What is the protocol for cleaning up plane crashes?
SOUTH BEND, Ind. - Crews worked for hours Tuesday to remove a small plane from the side of US 20, where it crash-landed right outside the South Bend International Airport. ABC 57’s Jess Arnold walks you through how they got it done.
Trying to make a pit stop on his way from Kansas City to Minnesota, pilot Jim Postleweit's plane crash-landed right outside of the South Bend Airport a little after 1:30 Tuesday afternoon, after clipping a car on US 20.
He and his wife were fine, but the plane suffered a wrecked wing and bruised belly.
"In my career, I think this is only the third or fourth one we've had,” said South Bend Police Lt. Gene Eyster.
He said it would be "interesting" to see how crews would get the plane out of the ditch.
First, the US Truck and Trailer Service tried some soft ropes attached to booms on wenches.
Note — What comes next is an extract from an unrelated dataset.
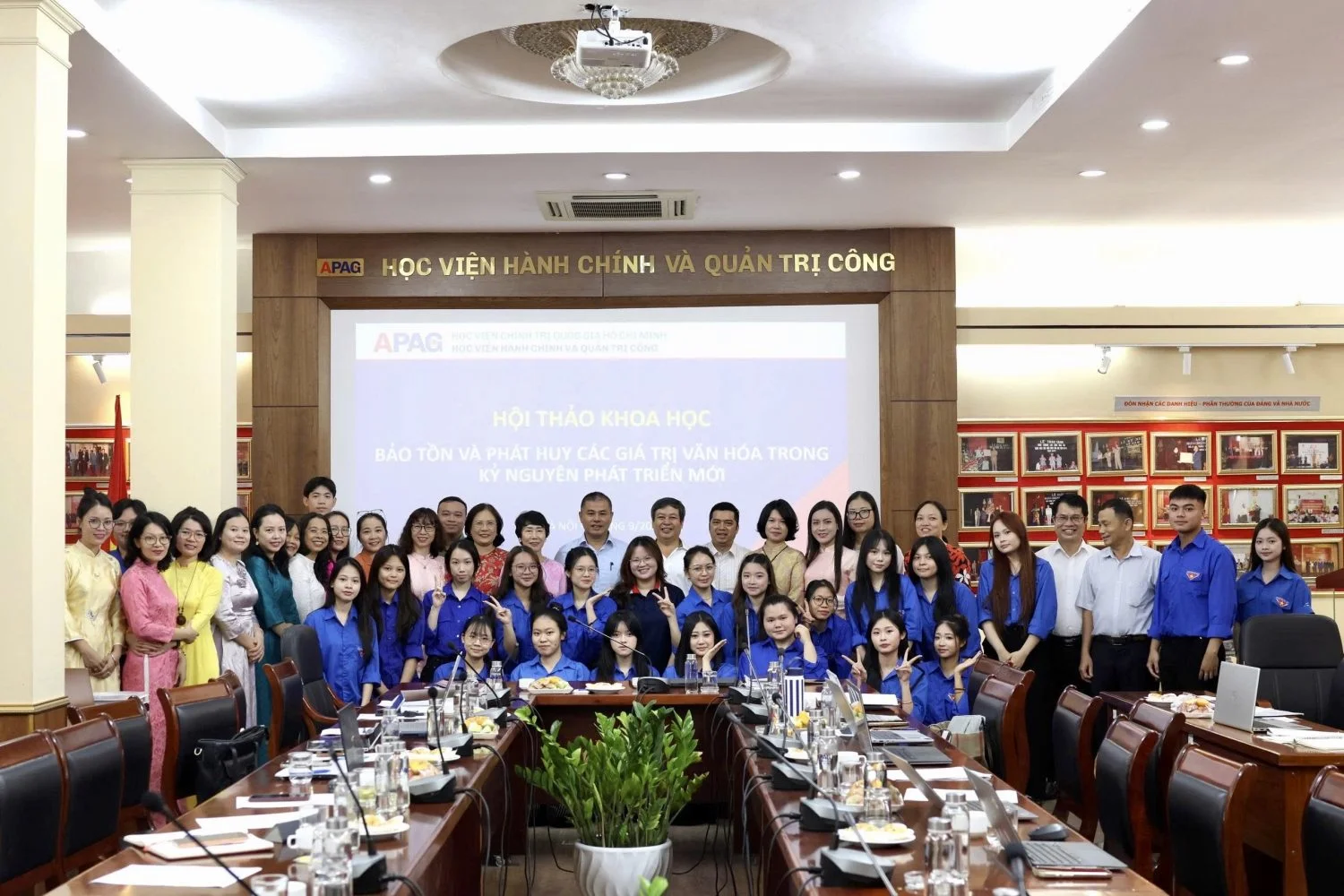 Hội thảo khoa học: “Bảo tồn và phát huy các giá trị văn hóa trong kỷ nguyên phát triển mới”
That didn’t work.
Lt. Eyster said the plane is so light and fragile, it’s like trying to move a crate of eggs, so the crews added more support to help delicately lift it out of the ditch.
After one and a half hours, the crew was able to lift the plane above the ground and move it to the airport.
The last hurdle was getting a 26 foot wide plane through a 20 foot wide entrance.
They couldn't go through it, so they had to lift it over the 12 foot tall fence.
Now that the Federal Aviation Administration and National Transportation Safety Board have it stowed away, they can investigate what caused this small plane to just barely miss the runway.
A representative from the FAA says the NTSB should be releasing more information in the next ten days.